I was just listening to Chris Pipkin’s podcast from last summer, in which he talked about Owen Barfield’s theory of Poetic Diction with Prof. Verlyn Flieger.
Barfield’s idea, as I’ve talked about before, is that in the early days of language, many concepts (as we conceive them) were combined in a single word. We don’t have direct access to the earliest days, but we can see some of it in ancient Greece. For example, Hestia the goddess and “hestia” (εστία) the hearth weren’t two different things; they were a single thought. Since then, as we have needed to speak more specifically and more abstractly, we’ve fractured those ur-concepts into lots of precise words. That’s a positive development: we can make things and do things and think things the ancients could never conceive of. But we’ve lost something along the way.
Prof. Flieger tells us in Splintered Light was that Tolkien took this idea and ran with it. All of Arda is just such a splintering of the thought of Eru. The Ainur split into Valar and Maiar. The Elves split into Calaquendi and Moriquendi, and then into a dozen subdivisions. Humans likewise. Even hobbits split into Stoors and Harfoots and Fallohides.
Barfield’s book is called Poetic Diction because, as he sees it, gluing all those shattered pieces back together is the poet’s job. Sometimes the assembly is a reconstruction of the ancient thought. Other times it’s something new. This happens with characters in Tolkien all the time: pivotal characters are frequently of mixed ancestry, putting the variously split pieces back together again. Elrond is the extreme case in the First Age. His grandson Eldarion is the culmination in the Fourth.
So. Do we know anyone else who’s dedicated himself to putting the splinters of reality back together, better than before? Why yes, we do! Sauron dedicated himself to putting it all back together again.
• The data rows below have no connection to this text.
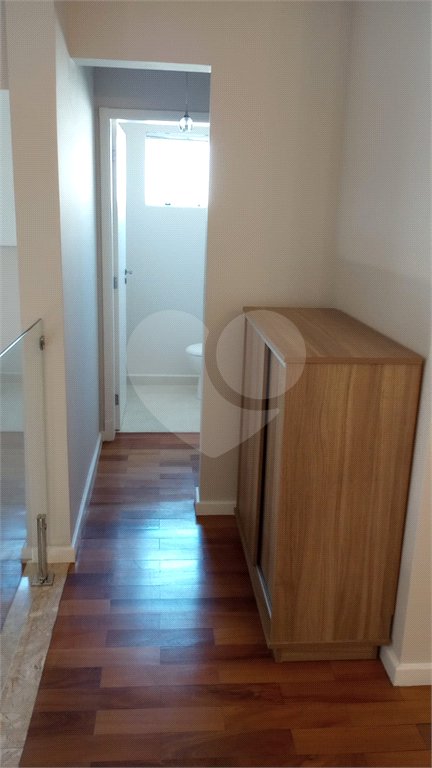 Casa à venda com 3 suítes no condomínio Picollo, Louveira - SP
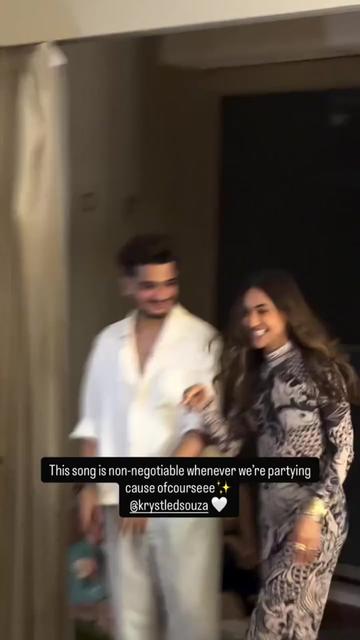 @😁 اک گل دساں 😂
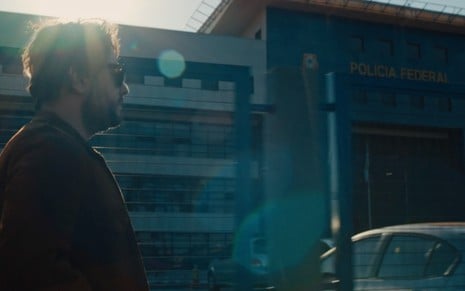 O ator Selton Mello (Marco Ruffo) em frente ao prédio da Polícia Federal em cena de O Mecanismo - Fotos: Reprodução/Netflix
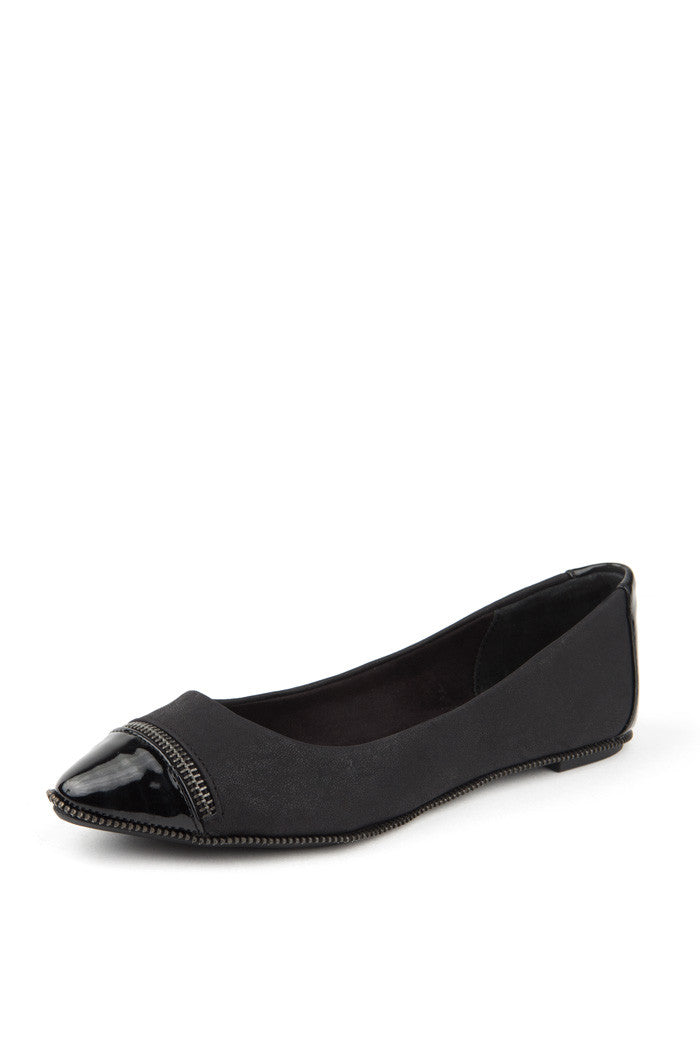 Lynn Flat in Black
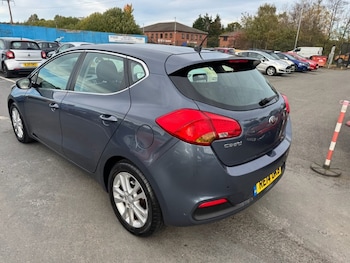 Used Kia Ceed 2014 for sale - 76132555: Photo 4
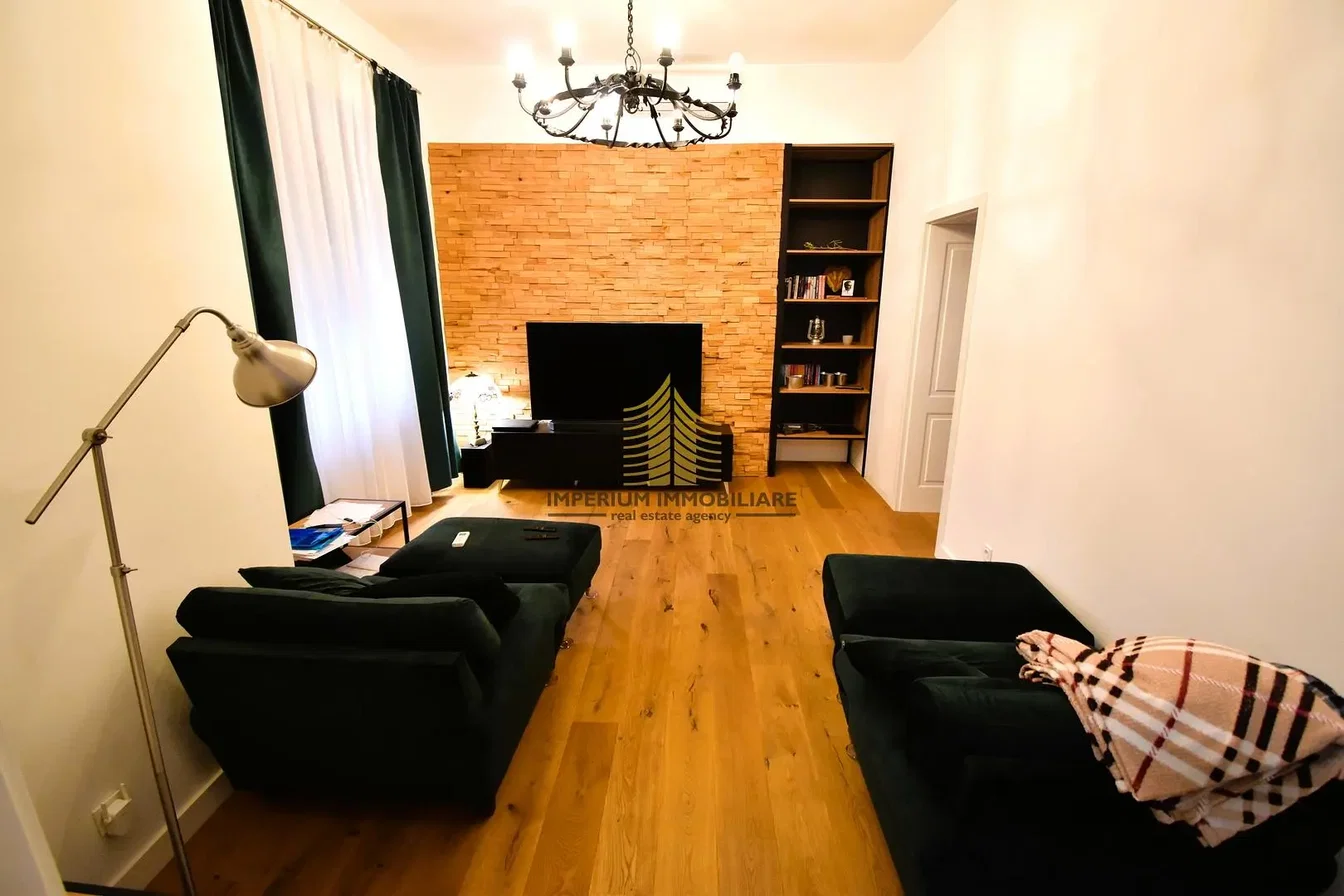 Obývací pokoj; dřevěná podlaha, přirozené světlo, moderní styl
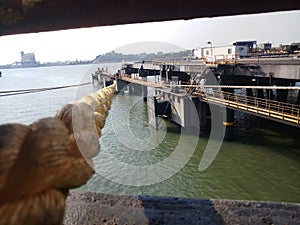 Ship rope passed to the Jetty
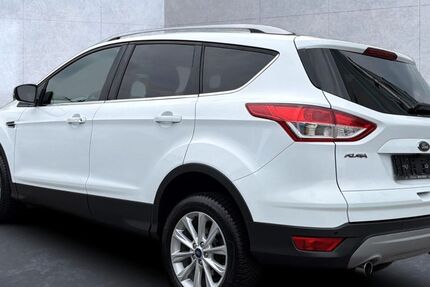 Ford Kuga 118.000 km 9.899 &euro; KERPEN 50170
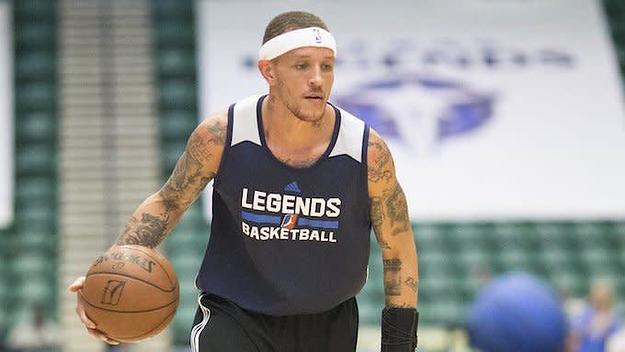 cop suspended video delonte west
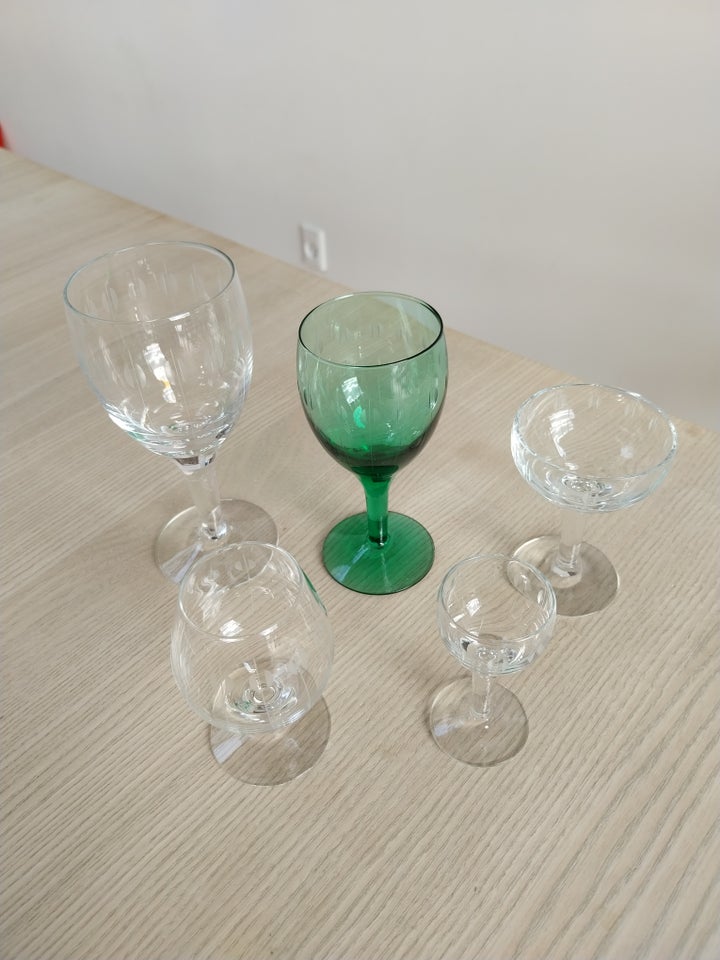 Glas, Kirsten Pil, div. glas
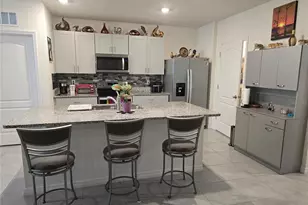 532 Emily Gln St, Deland, FL 32724 - Photo 3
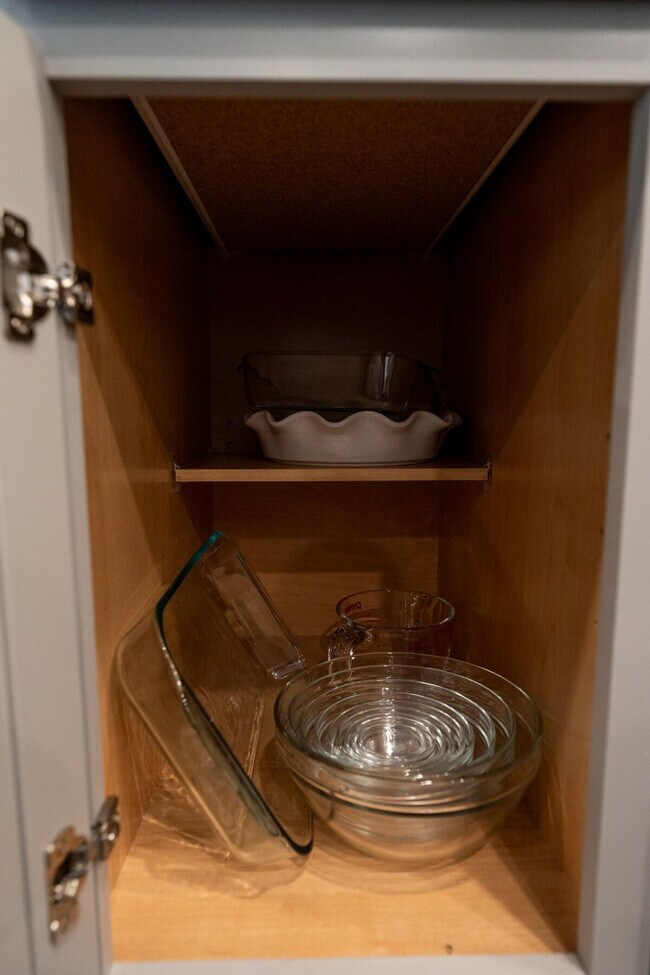 Building Photo - 6001 San Rafael Ln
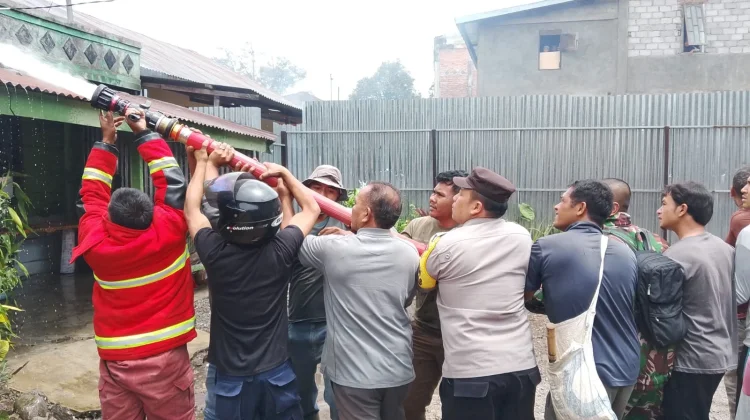 Polsek Silih Nara Bantu Padamkan Kebakaran Rumah Warga
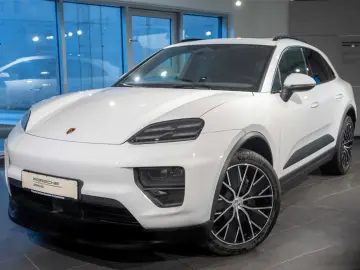 PORSCHE Macan 4 AirSusp TowH Panoramic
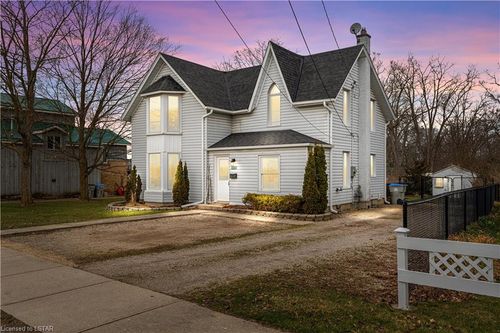 8498 Townsend Line, Arkona, ON, N0M1B0 | Card Image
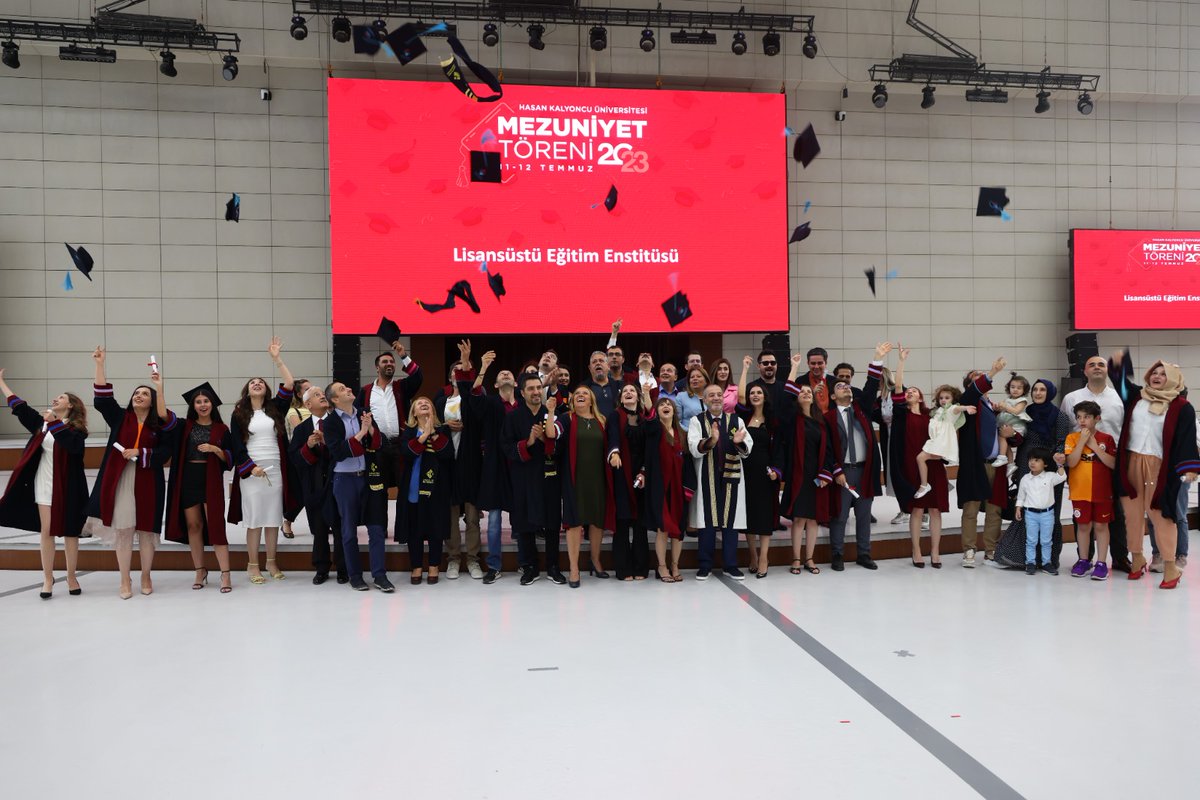 HKÜ'nün Lisansüstü Öğrencileri Mezun Oldu! 🌟🎓🎉

Lisansüstü Eğitim Enstitüsü öğrencilerimizin mezuniyet mutluluğunu birlikte yaşadık. Bu özel günlerinde tüm mezunlarımızı gönülden tebrik ediyor, başarılarının devamını diliyoruz.  Gelecekleri parlak olsun! 

#hkunv #HKÜ2023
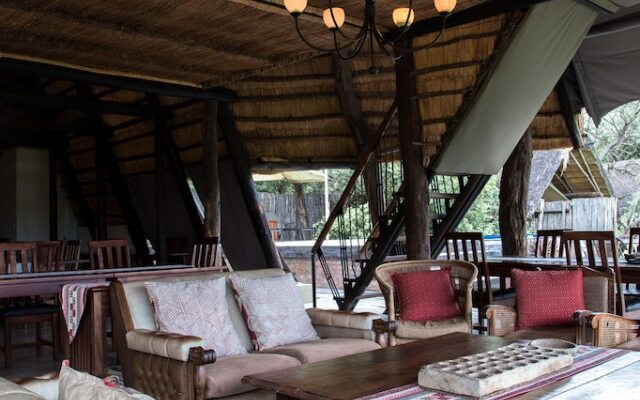The Hide Lodge
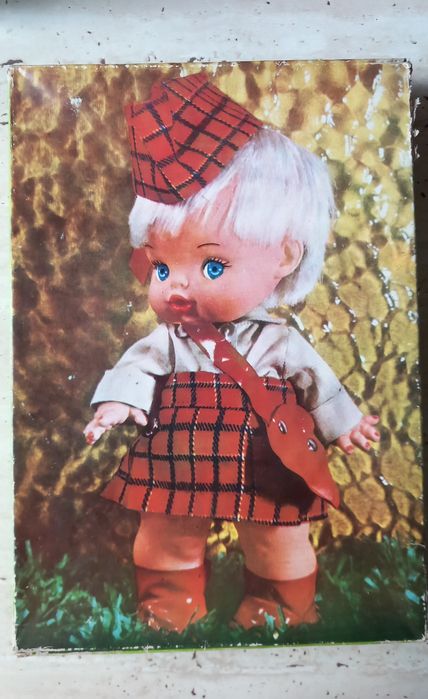 Cutii vintage de bomboane ciocolata din perioada comunista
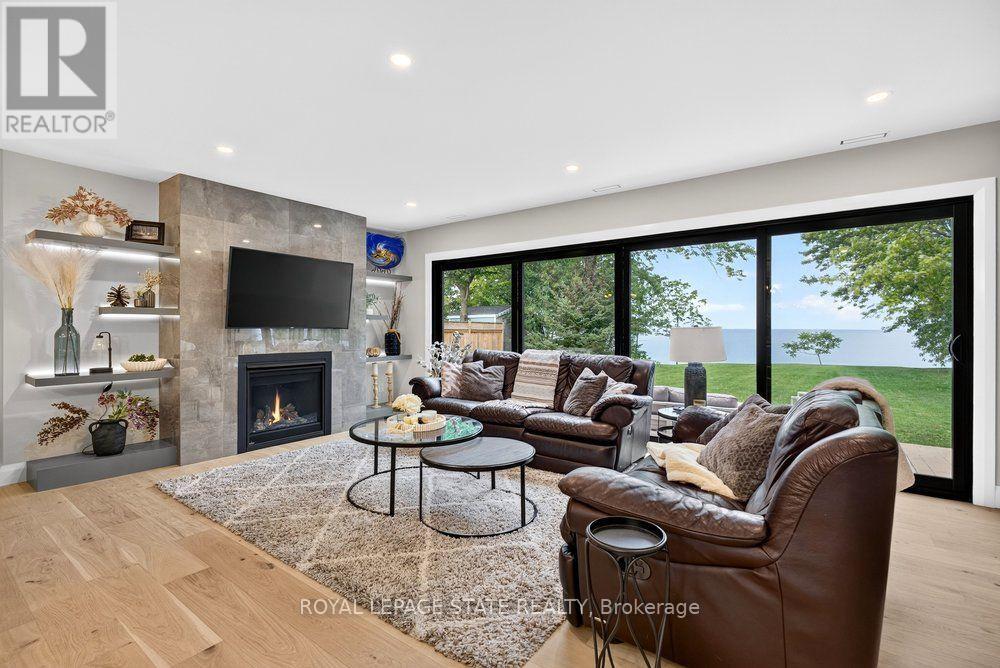 90 Lakeside Drive Property Photo 3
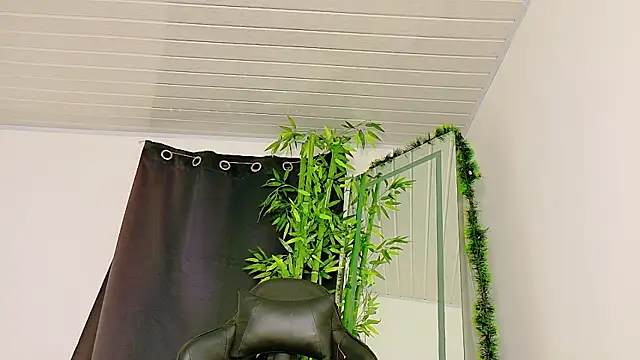 Snapshot of scarlet-jonesx chatting on 12/13/25, 11:44 scarlet-jonesx online show from 12/13/25, 11:44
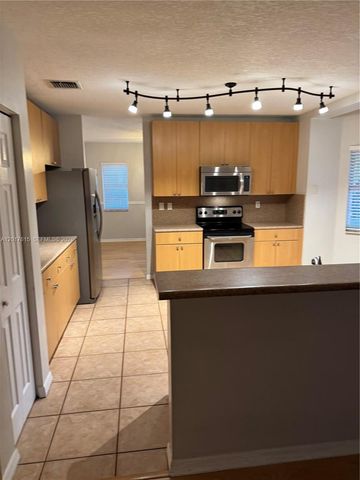 8872 SW 208th Ter, Cutler Bay, FL 33189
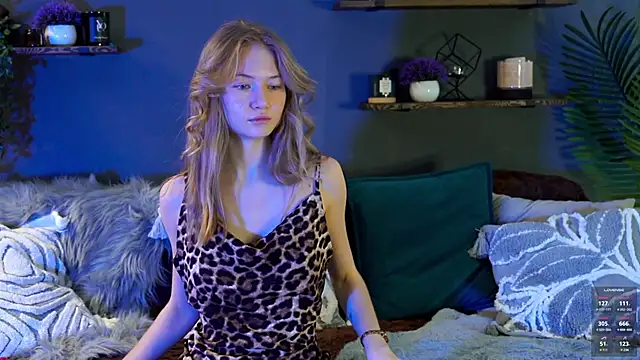 Alexandra Demore online show from 03-22-25, 11:42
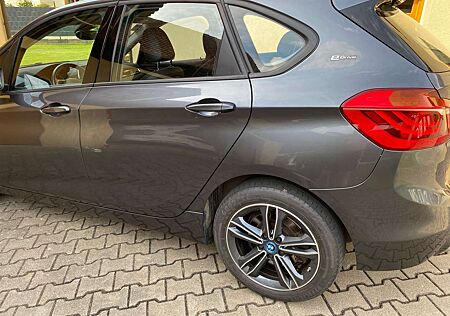 BMW 225xe 225 2er Active Tourer Plug-In-Hybrid iPerformanc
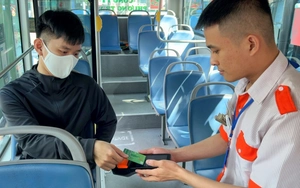 TP.HCM thí điểm không dùng vé giấy trên 16 tuyến xe buýt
His mission at the beginning of the Second Age began “with fair motives: the reorganising and rehabilitation of the ruin of Middle-earth” (Letter 131). There are lots of ways to reassemble the splinters of original truth, some more poetic, others more effective. As I’ve previously noted, Sauron chose “hierarchy” as his organizing principle, and nearly conquered the world with it.
This is as close as I’ve ever come to sympathy for the devil. From this point of view, Sauron was working from almost the same motives as Celeborn and Galadriel, trying to reassemble something out of the messy shards of reality around him.
Of course, his plan for organizing things didn’t end well. He chose a method designed for effectiveness, not poetry. Efficient dictatorship, not poetic diction. Sauron was not just organizing the physical world, after all. “Morgoth dispersed his power into the very matter of Arda…” as Tolkien says in Morgoth’s Ring, so as Sauron reassembled and organized things, he simultaneously was re-consolidating Morgoth’s evil. You can’t do one without the other. And that might be the most succinct argument for Tolkien’s odd fusion of Catholicism and anarchism I’ve ever heard.